**Problem**: In the records below, repeat exactly the lines between the line holding "graues T-Shirt mit" and the line holding "Black White Concentric Mandala Art Rug", inclusive, and drop the pictures.

**Supplied data**:
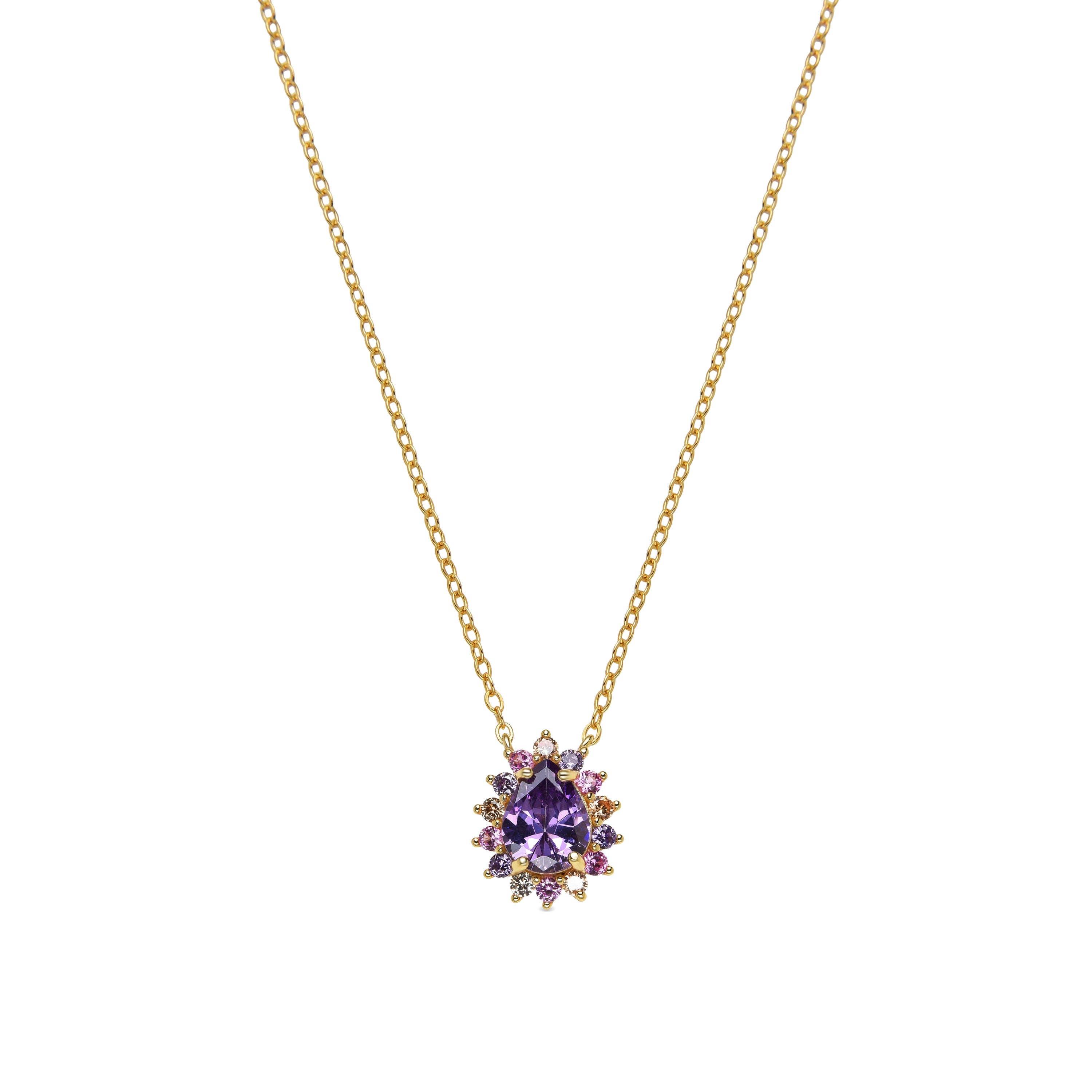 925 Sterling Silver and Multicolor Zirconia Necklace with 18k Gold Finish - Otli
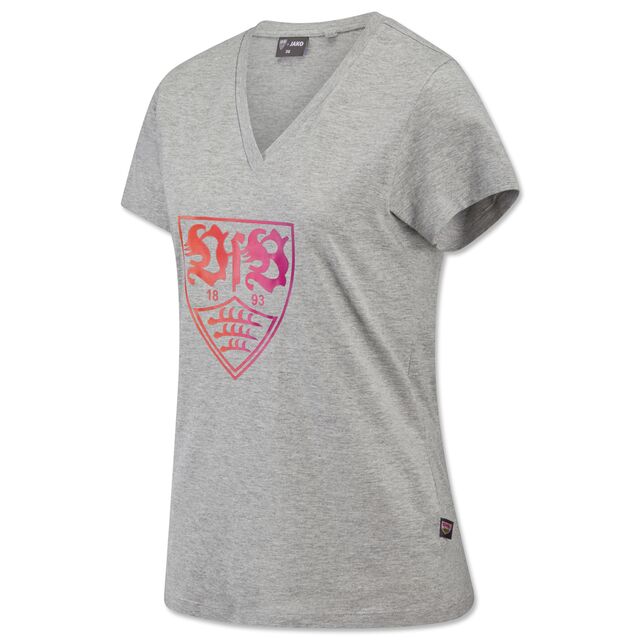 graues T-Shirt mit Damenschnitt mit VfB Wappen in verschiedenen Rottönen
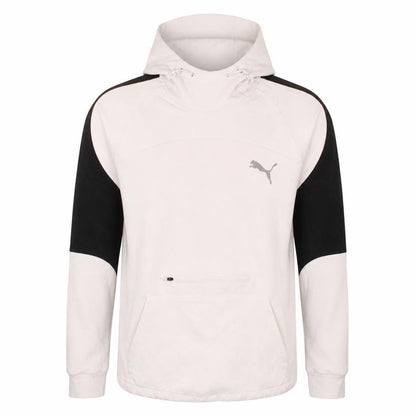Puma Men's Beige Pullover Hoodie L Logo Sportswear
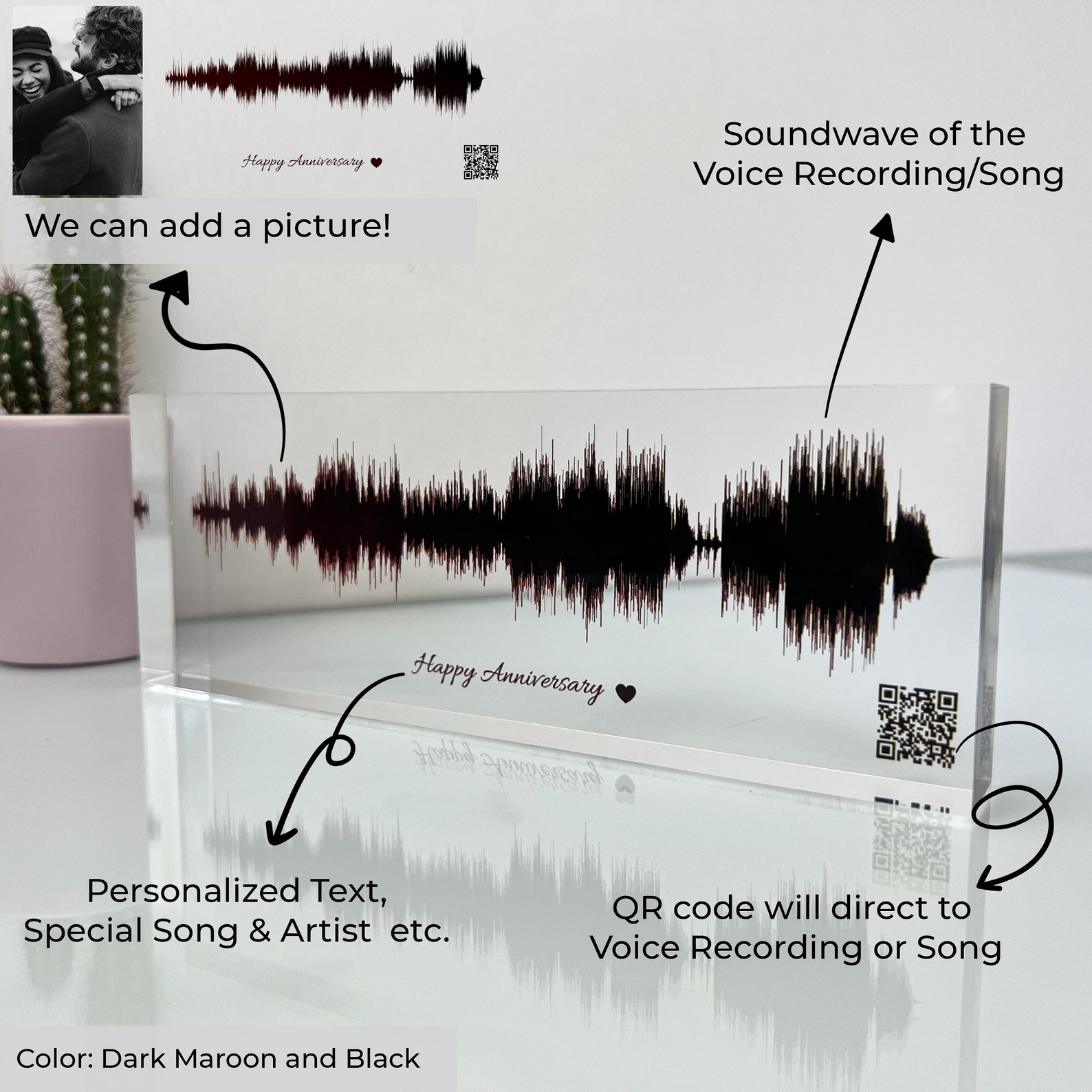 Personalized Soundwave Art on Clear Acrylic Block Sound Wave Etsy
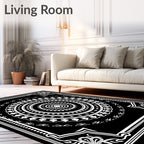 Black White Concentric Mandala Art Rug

==

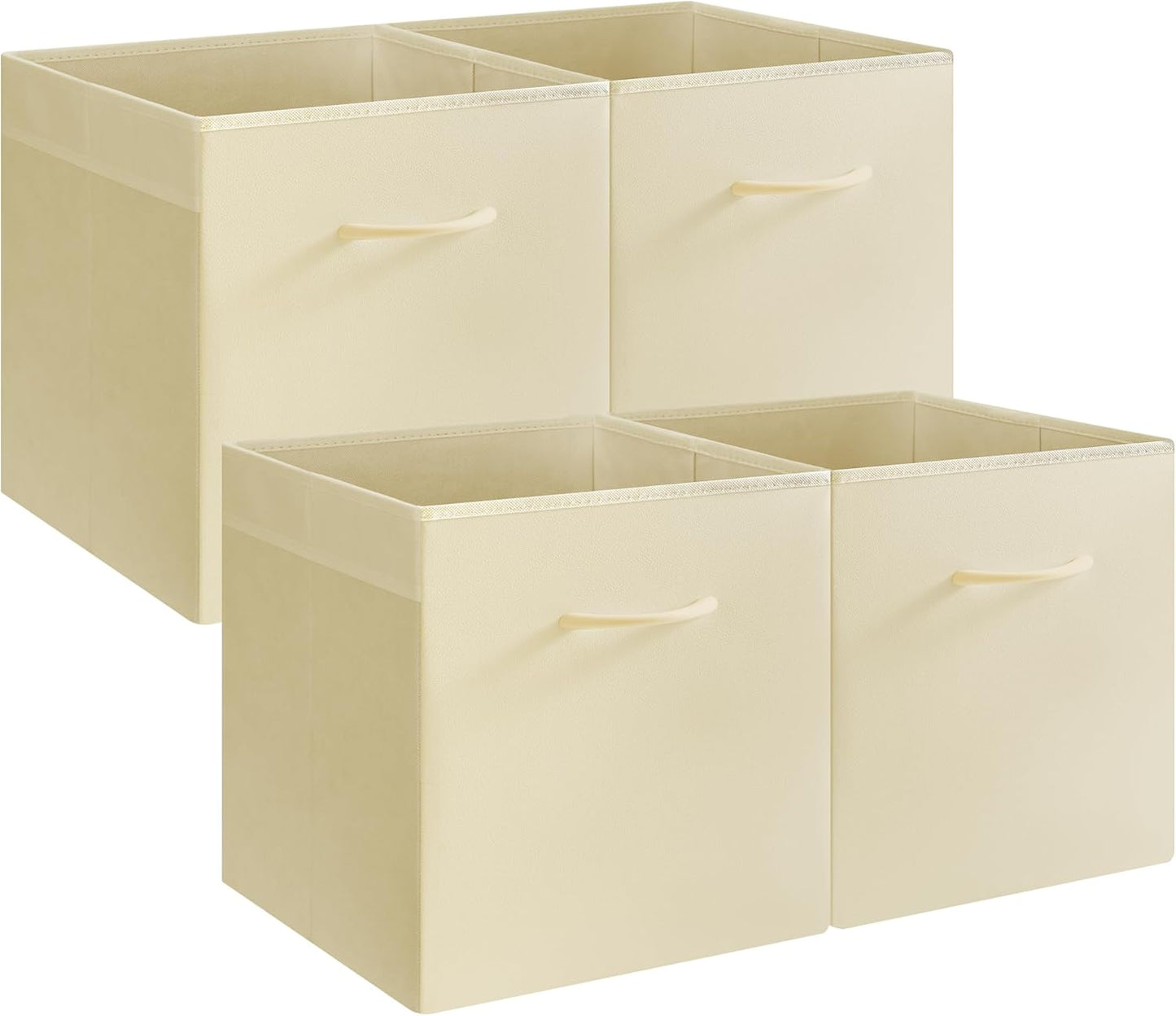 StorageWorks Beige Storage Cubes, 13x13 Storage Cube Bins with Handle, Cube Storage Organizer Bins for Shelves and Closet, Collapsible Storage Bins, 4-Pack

**Exercise output**:
 graues T-Shirt mit Damenschnitt mit VfB Wappen in verschiedenen Rottönen
Puma Men's Beige Pullover Hoodie L Logo Sportswear
 Personalized Soundwave Art on Clear Acrylic Block Sound Wave Etsy
 Black White Concentric Mandala Art Rug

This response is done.